# Practical example for recurrence relation of merge sort with more than 2 sublists

I couldn't wrap my head around for finding an example for the following recurrence.

$T(n) = a T(n/b) + f(n)$ where $a \neq b$ and $b > 1$

If we divide n elements with b, it should give us a sublists each with size n/b

Could somebody please give me a practical example of this?

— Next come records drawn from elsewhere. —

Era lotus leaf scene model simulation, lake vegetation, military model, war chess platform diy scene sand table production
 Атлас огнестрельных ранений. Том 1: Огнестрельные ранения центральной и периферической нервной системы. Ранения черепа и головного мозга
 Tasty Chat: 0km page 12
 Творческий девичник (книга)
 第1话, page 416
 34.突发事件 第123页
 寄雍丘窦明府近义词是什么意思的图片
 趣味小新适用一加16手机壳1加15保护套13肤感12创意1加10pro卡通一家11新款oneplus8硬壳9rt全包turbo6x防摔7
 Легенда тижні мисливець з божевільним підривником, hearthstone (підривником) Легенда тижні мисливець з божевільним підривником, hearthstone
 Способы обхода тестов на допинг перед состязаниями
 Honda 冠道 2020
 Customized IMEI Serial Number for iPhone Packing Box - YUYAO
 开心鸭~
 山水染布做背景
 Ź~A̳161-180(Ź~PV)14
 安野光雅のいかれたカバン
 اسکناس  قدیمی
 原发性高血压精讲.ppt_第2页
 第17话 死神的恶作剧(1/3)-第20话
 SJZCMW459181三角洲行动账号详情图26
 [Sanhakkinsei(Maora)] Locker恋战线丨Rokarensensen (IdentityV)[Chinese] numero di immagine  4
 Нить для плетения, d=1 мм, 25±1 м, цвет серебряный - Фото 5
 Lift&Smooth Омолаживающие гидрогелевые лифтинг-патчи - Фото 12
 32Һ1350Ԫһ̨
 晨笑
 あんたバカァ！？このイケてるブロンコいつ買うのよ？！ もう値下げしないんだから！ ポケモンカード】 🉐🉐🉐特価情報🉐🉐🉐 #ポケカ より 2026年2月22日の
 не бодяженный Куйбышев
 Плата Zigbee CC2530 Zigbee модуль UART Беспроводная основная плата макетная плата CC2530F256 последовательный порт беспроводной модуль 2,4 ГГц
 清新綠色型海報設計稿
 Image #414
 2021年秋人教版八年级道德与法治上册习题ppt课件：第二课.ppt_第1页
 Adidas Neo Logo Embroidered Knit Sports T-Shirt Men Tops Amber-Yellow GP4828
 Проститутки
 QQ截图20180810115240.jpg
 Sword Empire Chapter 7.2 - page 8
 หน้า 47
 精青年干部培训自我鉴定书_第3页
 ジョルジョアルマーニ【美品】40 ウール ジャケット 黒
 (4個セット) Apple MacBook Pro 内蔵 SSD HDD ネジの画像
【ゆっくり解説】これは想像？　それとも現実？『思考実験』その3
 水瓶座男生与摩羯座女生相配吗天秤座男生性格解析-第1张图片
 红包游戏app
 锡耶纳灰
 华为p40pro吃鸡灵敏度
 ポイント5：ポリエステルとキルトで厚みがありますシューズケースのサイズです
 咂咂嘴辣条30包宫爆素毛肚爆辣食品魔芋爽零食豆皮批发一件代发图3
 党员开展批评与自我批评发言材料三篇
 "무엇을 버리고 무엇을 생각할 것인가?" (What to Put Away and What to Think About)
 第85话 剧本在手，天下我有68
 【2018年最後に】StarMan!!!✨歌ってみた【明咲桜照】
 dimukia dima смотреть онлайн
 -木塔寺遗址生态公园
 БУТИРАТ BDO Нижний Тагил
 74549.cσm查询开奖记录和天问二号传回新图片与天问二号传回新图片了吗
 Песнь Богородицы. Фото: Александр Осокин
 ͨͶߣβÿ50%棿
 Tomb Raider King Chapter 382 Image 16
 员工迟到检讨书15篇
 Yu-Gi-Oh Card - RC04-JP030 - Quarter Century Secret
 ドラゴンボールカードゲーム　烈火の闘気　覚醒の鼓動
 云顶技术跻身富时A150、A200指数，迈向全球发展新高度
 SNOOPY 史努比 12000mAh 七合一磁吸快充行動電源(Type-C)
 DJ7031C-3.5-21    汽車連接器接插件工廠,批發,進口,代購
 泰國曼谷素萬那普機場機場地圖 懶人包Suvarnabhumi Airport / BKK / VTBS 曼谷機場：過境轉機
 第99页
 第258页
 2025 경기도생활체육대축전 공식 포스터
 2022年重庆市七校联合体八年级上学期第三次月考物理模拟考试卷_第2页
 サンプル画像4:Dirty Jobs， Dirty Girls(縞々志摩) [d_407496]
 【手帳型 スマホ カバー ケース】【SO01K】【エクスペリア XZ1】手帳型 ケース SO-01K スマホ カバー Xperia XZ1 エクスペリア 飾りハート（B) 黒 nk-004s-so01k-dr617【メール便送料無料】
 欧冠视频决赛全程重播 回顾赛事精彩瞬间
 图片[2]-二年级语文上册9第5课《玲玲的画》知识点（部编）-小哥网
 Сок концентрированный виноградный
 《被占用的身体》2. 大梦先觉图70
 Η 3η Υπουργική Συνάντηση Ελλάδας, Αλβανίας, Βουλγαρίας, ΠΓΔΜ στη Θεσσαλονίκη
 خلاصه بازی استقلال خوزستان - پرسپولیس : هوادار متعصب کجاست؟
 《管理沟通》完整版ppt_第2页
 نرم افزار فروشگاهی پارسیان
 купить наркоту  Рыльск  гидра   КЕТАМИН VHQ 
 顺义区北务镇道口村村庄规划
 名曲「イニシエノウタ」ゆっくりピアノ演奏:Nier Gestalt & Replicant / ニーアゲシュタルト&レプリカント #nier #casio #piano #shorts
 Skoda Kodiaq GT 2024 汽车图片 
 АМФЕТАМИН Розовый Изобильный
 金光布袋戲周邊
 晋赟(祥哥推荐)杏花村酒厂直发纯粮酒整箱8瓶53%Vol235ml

• What do you mean by "practical"? You could trivially make $a>b$ by repeating some recurrences. You won't be able to get $a<b$ because that would break the $n\log n$ lower bound if $f(n)=\Theta(n)$. Alternatively you could increase $f(n)$ to get $a<b$. Can you give a better description of "practical", because there are many ways to do this.
– ryan
Nov 6 '17 at 18:29
• Consider any divide-and-conquer algorithm like Merge-sort. Let us say I have 12 elements which is n. Lets us say b is 4. Then we get 3 sublists each of size 4. But, as I said in the question, 4 is not $n/b$. Am I confused here? Nov 7 '17 at 1:14
• An example of how to multiply two $n$-bit integers is Karastuba's Algorithm which has recurrence relation $T(n) = 3T(n/2) + cn$. Another example is Strassen's Algorithm for matrix multiplication which has recurrence relation $T(n) = 7T(n/2) + \Theta(n^2)$.